What had previously been unthinkable just half a year ago is now a credible scenario after the Financial Times just warned that the EU might cut off the purse strings to Ukraine. Political gridlock has impeded consensual agreement on the bloc’s next budget, thus putting funding for that former Soviet Republic at risk. Moreover, some member states like Hungary have threatened to block Ukraine’s membership bid, while a recent German Constitutional Court ruling abruptly curbed Berlin’s borrowing plans.
It’s therefore not just the military and political phases of the Ukrainian Conflict that are finally winding down as a result of summer’s failed counteroffensive and the impact that it had on reshaping Western policymakers’ perceptions, but also the financial one too as proven by the Financial Times’ latest report.

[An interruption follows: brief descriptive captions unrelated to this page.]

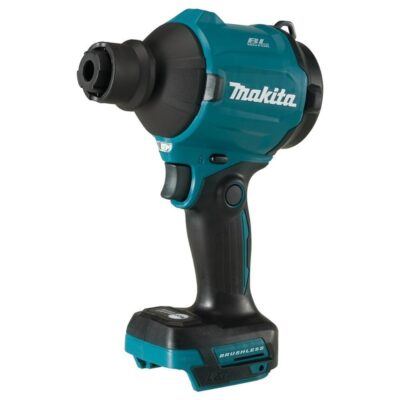 MAKITA DAS180Z DC DUST BLOWER 18V BL (BARE-UNIT)
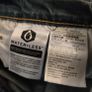 Levi 541 Jeans (W32 L32) Image 6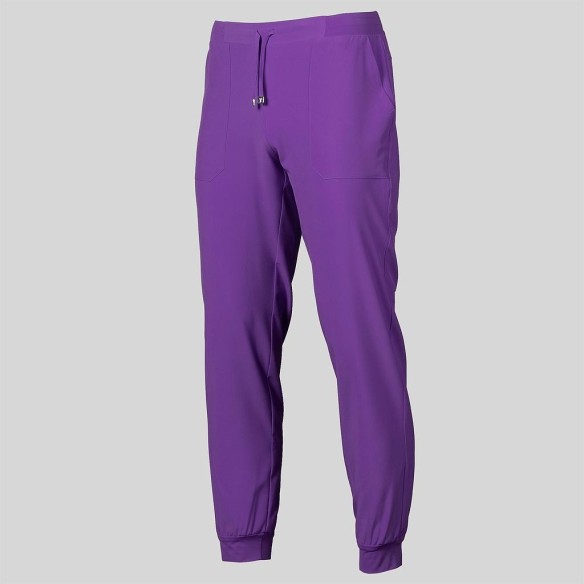 pantalón unisex jogger 8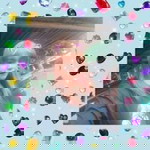 วันไหม่ รักเธน profile icon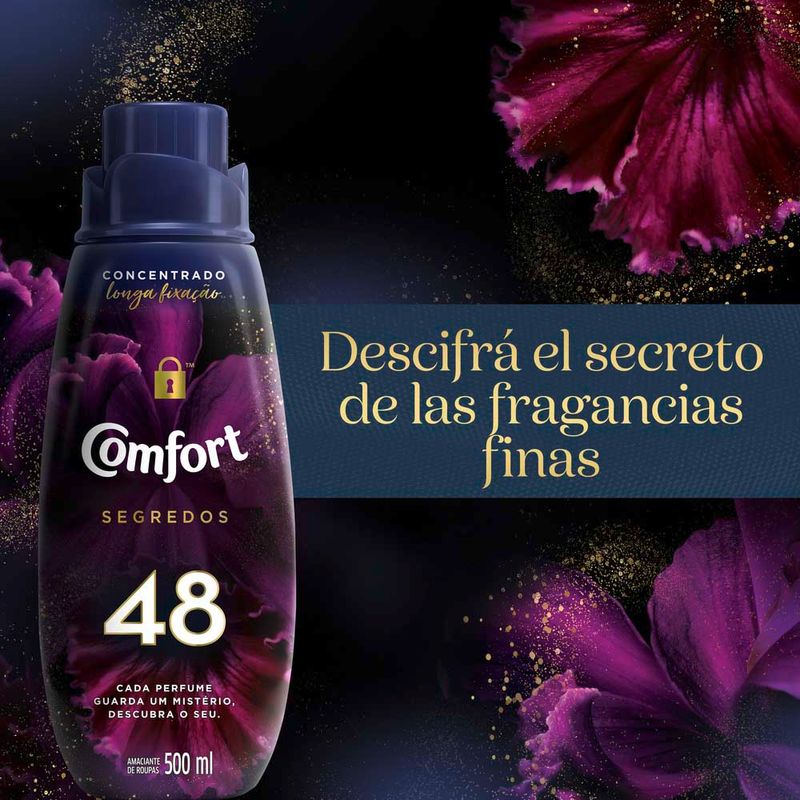 Suavizante-Comfort-Segredos-48-500-Ml-0789115009198-4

While the US’ funding of this proxy war was already in doubt since fall, there was still hope among Ukraine’s supporters abroad that the EU would step up to take on a greater burden in response.
All such expectations have suddenly been dashed as explained, which combines with the winding down of the two previously mentioned phases to create a full-blown strategic crisis for that country. Military aid is dwindling, political commitment to the cause is waning, and financing is no longer promised. If at least the last of these three was secured, then the growing partisan divisions inside Ukraine could have theoretically remained manageable, but they’ll likely soon spiral now that even this is uncertain.
After all, the state relies on foreign funding to function, so it’ll have to curtail social services and possibly even force state employees into working without wages on pain of imprisonment. The already difficult situation for average folks could become much worse while tensions between Zelensky and Commander-in-Chief Zaluzhny might explode if their supporters try pinning the blame on the other figure. Simply put, all preexisting fault lines inside Ukraine could further exacerbate at the same time, thus leading to chaos.
To be clear, some funding from the West will probably be approved, though whatever Ukraine receives will almost certainly be insufficient for retaining the already fraught financial status quo. Some cuts will inevitably ensue, which could lead to even more anti-government sentiment, including that which is arguably boiling among Zaluzhny-aligned elements within the armed forces. The “Maidan 3” scenario that Zelensky is so worried about could therefore easily become a fait accompli under those conditions.